The success with Saab was rewarded with work from other prestigious automakers, including Volvo and Audi, but the Spark Vision team soon felt the need to spread its wings a little further.
“We became very focused on the automotive industry because of our background,” says Larking. “But we could see how well this could be applied to other industries. Around 2006, we began looking for clients who didn’t make cars. We found that Electrolux was looking to create all-new marketing materials for its major appliances, especially for the kitchen and laundry room. They wanted to show refrigerators, freezers, ovens, washing machines and more in different environments. We knew we could help.”
The traditional method for creating marketing materials went a little something like this: Electrolux defined its new product range. To get images of that product range, the company needed to build a prototype of each product in different variations to be photographed in different environments and contexts.

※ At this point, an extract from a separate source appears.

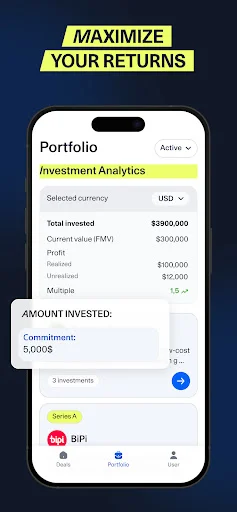 ICLUB: Online Investing ডাউনলোড করুন – আর্লি স্টেজ ইনভেস্টমেন্ট অ্যাপ - Screenshot 7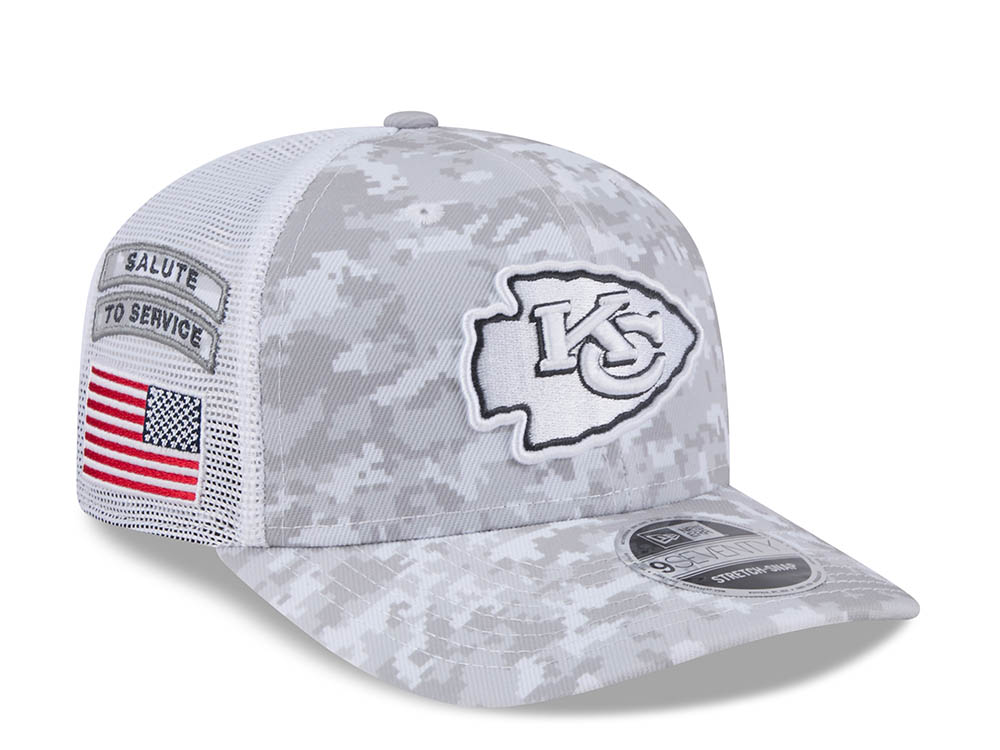 New Era Kansas City Chiefs Digi Camo Trucker 9Seventy Snapback Cap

The traditional photographic process became particularly complicated and time-consuming when products were to be viewed within their potential environments. Once a multitude of construction workers, carpenters, movers, stylists, and photographers took pictures of the environment, it would be summarily destroyed and a new one would be built. This process could go on for months and yield relatively few usable photographs.
Spark Vision had a better way. Creating an online configurator for Swedish store chain Ballingslöv gave them an ideal chance to show it.

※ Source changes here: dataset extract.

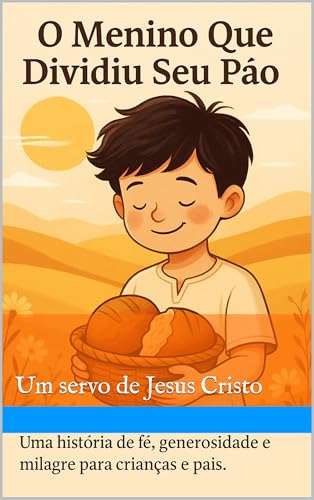 O menino que dividiu seu pão: Uma lição de fé e generosidade para crianças - Cristo, Um servo de Jesus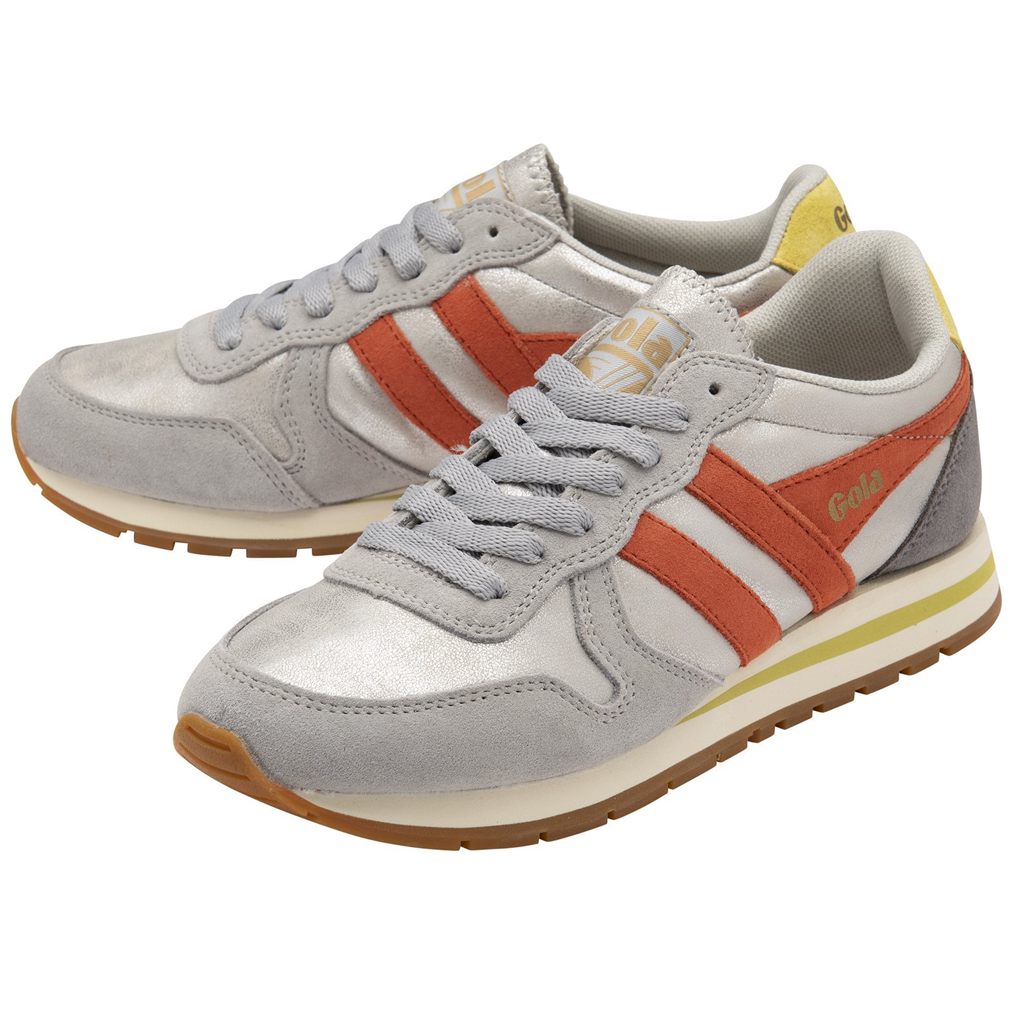 Gola Classics Daytona Blaze Sneakers Zilver Koraal Nederland | 930-GQURWP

“Our customers didn’t have to take a single photo or build a single physical set to photograph,” says Erik Gabriellson, head of production at Spark Vision. “We did it for them, faster, using Autodesk 3ds Max. In just 15 weeks, we created 18 Ballingslöv kitchens in parallel. That is much, much faster and there is no waste. In all, we have created these digital rooms with approximately 150 million configurations. Obviously, it is not possible to build and photograph that many rooms. And, of course, we don’t throw anything away, we just store the data on our servers for later use. Our clients can go back to the images to update handles or hinges or other elements much more easily.”
“Initially, our clients were worried about getting the same image quality as photographs,” says Larking. “In the end, however, they said they were happier with the 3D imagery than the photographs, not just for the superior look but because they actually create the images they really wanted at a fraction of the time and cost. Autodesk 3ds Max is the heart of our modeling process, and it made it much easier to create the look of natural sunlight, which is very difficult to replicate with traditional photography.”
In addition to using Autodesk® 3ds Max® software—and since 2008, Autodesk 3ds Max Design—the Spark Vision team has also created Spark Booster™, the online configurator making it possible to configure and show literally millions of product variants on a regular computer or as an online service, and Spark Photo Studio™, an application that employs the 3D models created in Autodesk 3ds Max and, more recently, Autodesk 3ds Max Design software.
With Spark Photo Studio, users can examine products from a variety of angles and light conditions to determine the best angles, lens settings, panning sweeps, and more.
“We developed this process that goes all the way from digital data to image production using Autodesk tools,” says Larking. “Using MAX Script to automate our processes, and easily customizing the 3ds Max Design interface have been very helpful to our team. The results have been invaluable to our clients.”